Je vous propose donc, Messieurs, de former un comité des colonies, composé de vingt membres pris dans cette honorable Assemblée; vous penserez sans doute qu'il doit être mi-partie de colons, et mi-partie de négociants parce que les colonies étant destinées à opérer la consommation du superflu du royaume, et à accroître la richesse nationale par le moyen des changes, les négociants et les colons sont entre eux les seuls légitimes contradicteurs.
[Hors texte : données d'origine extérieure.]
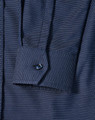 A navy blue pin dot stretch long sleeve shirt with a buttoned cuff and a branded logo.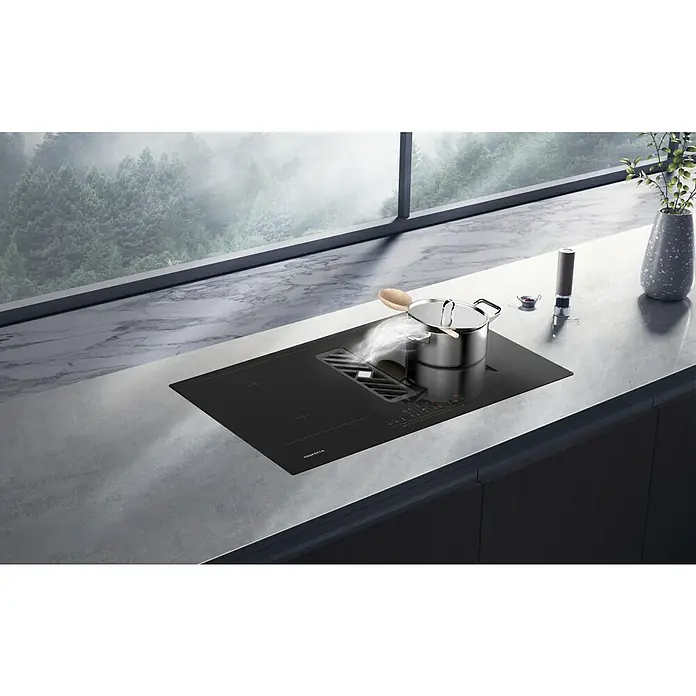 Respekta Induktionskochfeld Calima mit integriertem Dunstabzug - Breite: 83 cm, Schwarz, Max. Gebläseleistung Abluftbetrieb: 544,7 m³/h - Moderner Kochfeldabzug von Bora mit einem Topf darauf, der dampft, und einer Vase mit Dekoration.
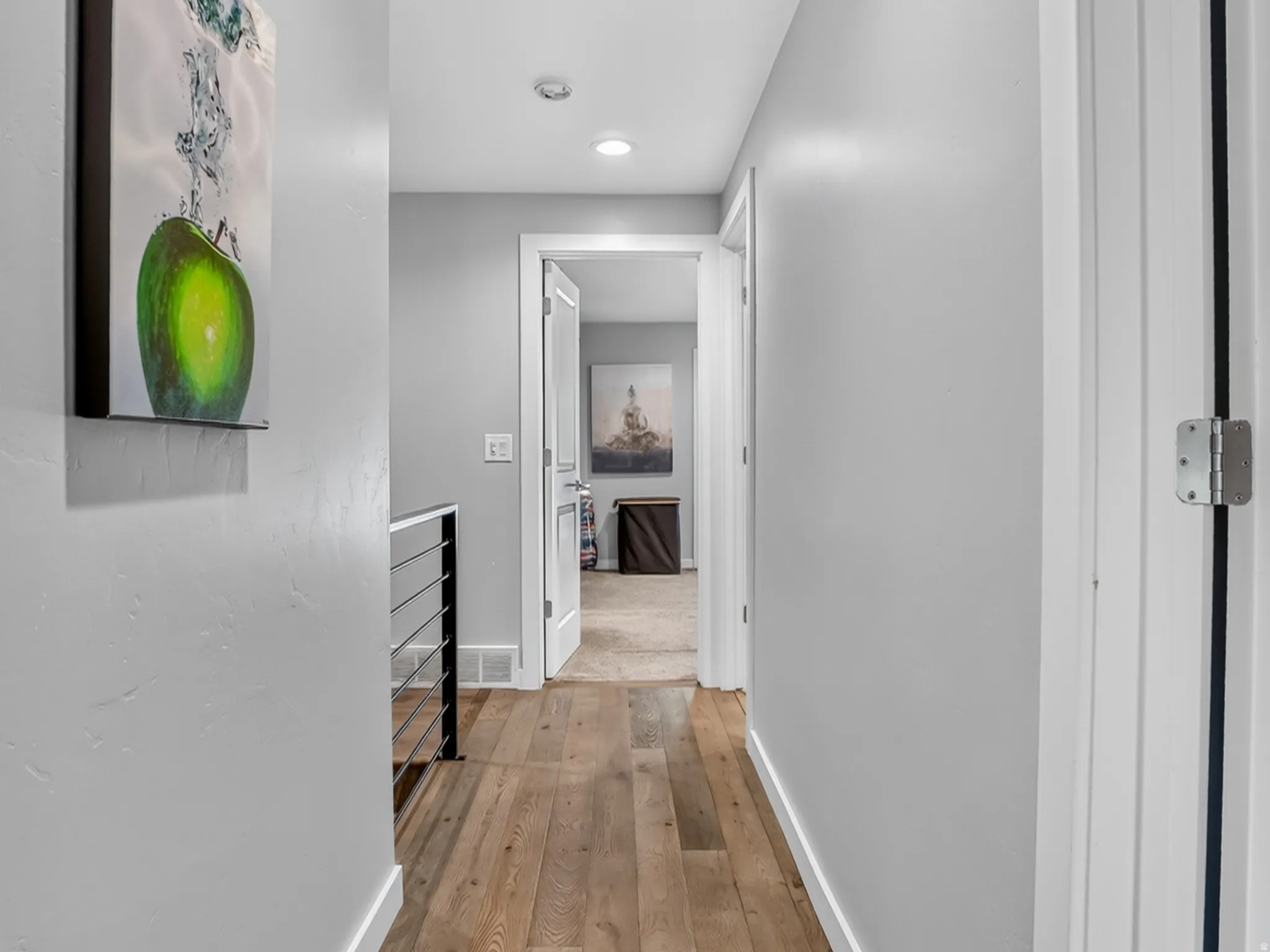 Hallway featuring light wood-finish flooring, recessed lighting, and crisp white trim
Je dirai plus, Messieurs eux seuls sont en état d'instruire votre religion et de vous présenter les meilleures vues sur toutes les parties de ce grand ensemble.

Ce comité ainsi composé, Messieurs, produirait d'abord le bien inappréciable de rapprocher le commerce et les colonies sur leurs réclamations respectives oubliant les uns et les autres leurs intérêts particuliers pour ne s'occuper que de l'intérêt de l'Etat, ils fixeraient, à force de franchise et de loyauté, le terme où doit s'arrêter le commerce prohibitif. Ils détermineraient de la manière la moins susceptible d'abus tous les moyens qui peuvent empêcher que la contrebande n'enlève au royaume aucun des avantages dont il doit profiter.

Passant ensuite aux lois qui peuvent le plus influer sur la propriété du commerce et de l'agriculture, ils vous indiqueraient la manière de les simplifier: car, Messieurs, tout ce qui n'est point actif, tout ce qui ne donne point un mouvement rapide aux transactions des colonies, y doit être absolument proscrit, comme destructif de l'industrie nationale.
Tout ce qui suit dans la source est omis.